Why Tasini’s Blogger Lawsuit Against the Huffington Post Makes No Sense

Arianna is right: it’s absurd to compare work of HuffPo’s paid journalists with unpaid contributors

As a more-than-one-time lowly freelance writer, I'm a strong believer in journalists getting paid for their work. But not in the way Jonathan Tasini and a group of Huffington Post bloggers — who filed a $105 million class-action lawsuit Tuesday against AOL, Arianna Huffington and the Huffington Post — are going about it.

Put simply: "Tasini vs. HuffPo" is no "New York Times Co. vs. Tasini" — the 2001 Supreme Court case that he won.

For starters, that Tasini picked $105 million — or a third of what AOL paid to acquire the Huffington Post in February — and waited until after the sale went through strikes me as sour grapes. A little Winklevoss-y, even.

There was plenty of opportunities in the five-plus years of the Huffington Post's existence — which is also how long Tasini has been blogging for HuffPo — for him to raise this issue on behalf of a group of bloggers or, more effectively, himself.

But the biggest problem with the Tasini’s argument comes down to how loosely one defines a "journalist” compared to a “blogger.”

While it may have been vague in the early going, Huffington has made the distinction between the two pretty clear. As she rebuffed a threatened strike by a group of bloggers last month, Huffington noted that the site employed 183 paid journalists, who are given “generous benefits,” assigned stories and asked to work overtime when things like the Arizona shootings or revolution in Egypt occur.
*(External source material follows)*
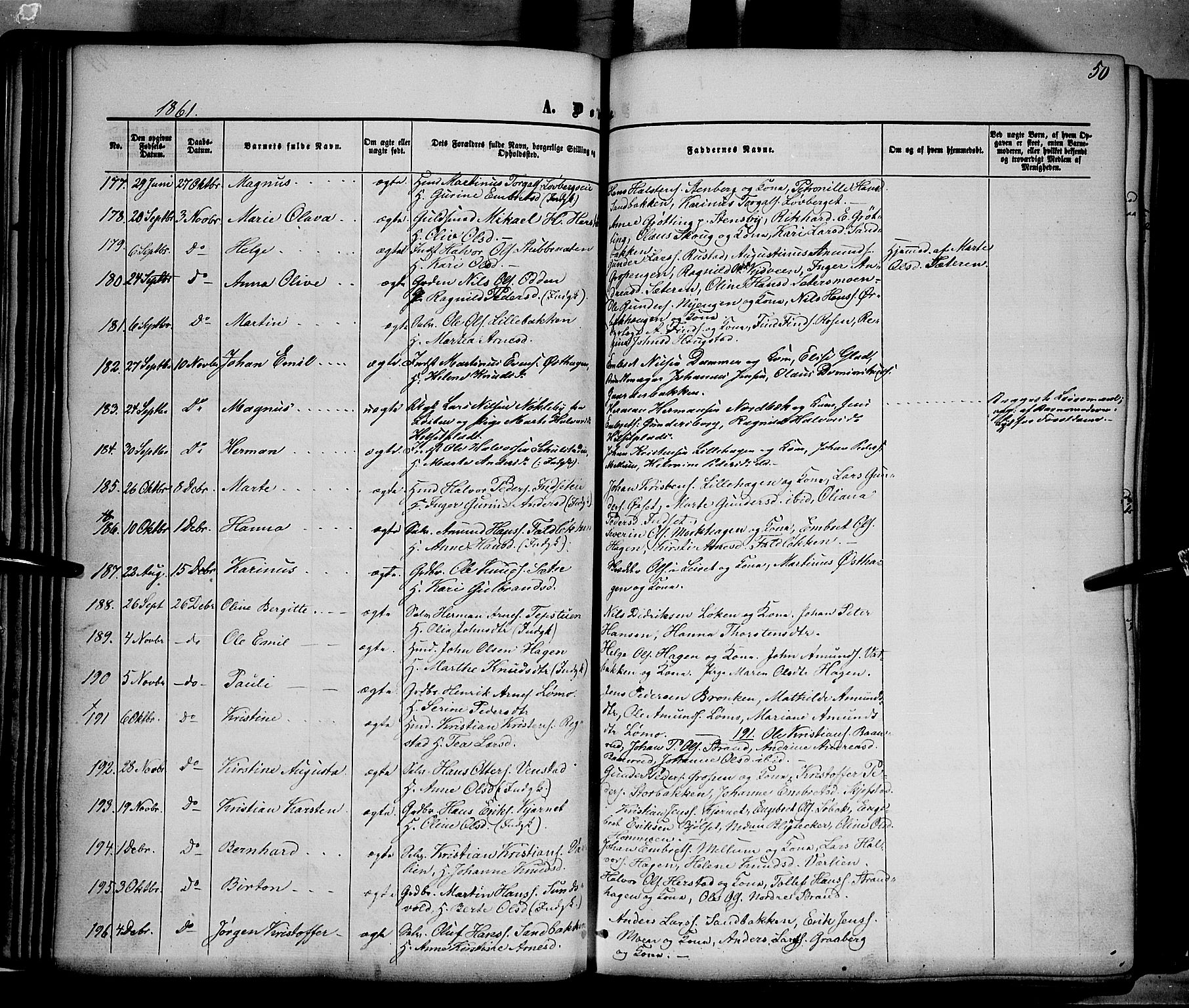 Elverum prestekontor, AV/SAH-PREST-044/H/Ha/Haa/L0010: Parish register (official) no. 10, 1857-1868, p. 50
The bloggers, she said, do not have those responsibilities. “It’s just absurd for me to compare the two.”

It is. (It appears Tasini is hoping no one in the Southern District Court of New York has actually reads the Huffington Post — at least enough to recognize the qualitative difference.)
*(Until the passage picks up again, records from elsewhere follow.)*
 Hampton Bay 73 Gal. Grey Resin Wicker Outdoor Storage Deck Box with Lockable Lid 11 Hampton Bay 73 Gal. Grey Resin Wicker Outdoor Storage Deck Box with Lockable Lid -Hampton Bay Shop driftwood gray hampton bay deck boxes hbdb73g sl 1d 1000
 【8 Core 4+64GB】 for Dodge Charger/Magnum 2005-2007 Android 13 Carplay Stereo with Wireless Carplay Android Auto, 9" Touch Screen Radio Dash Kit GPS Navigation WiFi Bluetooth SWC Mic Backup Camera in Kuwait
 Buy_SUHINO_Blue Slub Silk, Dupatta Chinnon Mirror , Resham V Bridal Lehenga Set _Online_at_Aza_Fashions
It also appears Tasini is hinging his suit on the idea that Arianna lured some of the unpaid bloggers to write for the Huffington Post with an “implied promise” of compensation if she ever sold it. (For what it’s worth, Business Insider’s Glynnis MacNicol, who was once one of those unpaid contributors, says she never got such an offer.)

Still, it’s worth wondering — had Arianna sent, say, $500 or $1,000 post-sale checks to the most prolific unpaid HuffPo bloggers as a show of good-faith — whether such a move would’ve saved her the grief — and hefty legal fees — it’s going to take to swat those like Tasini away.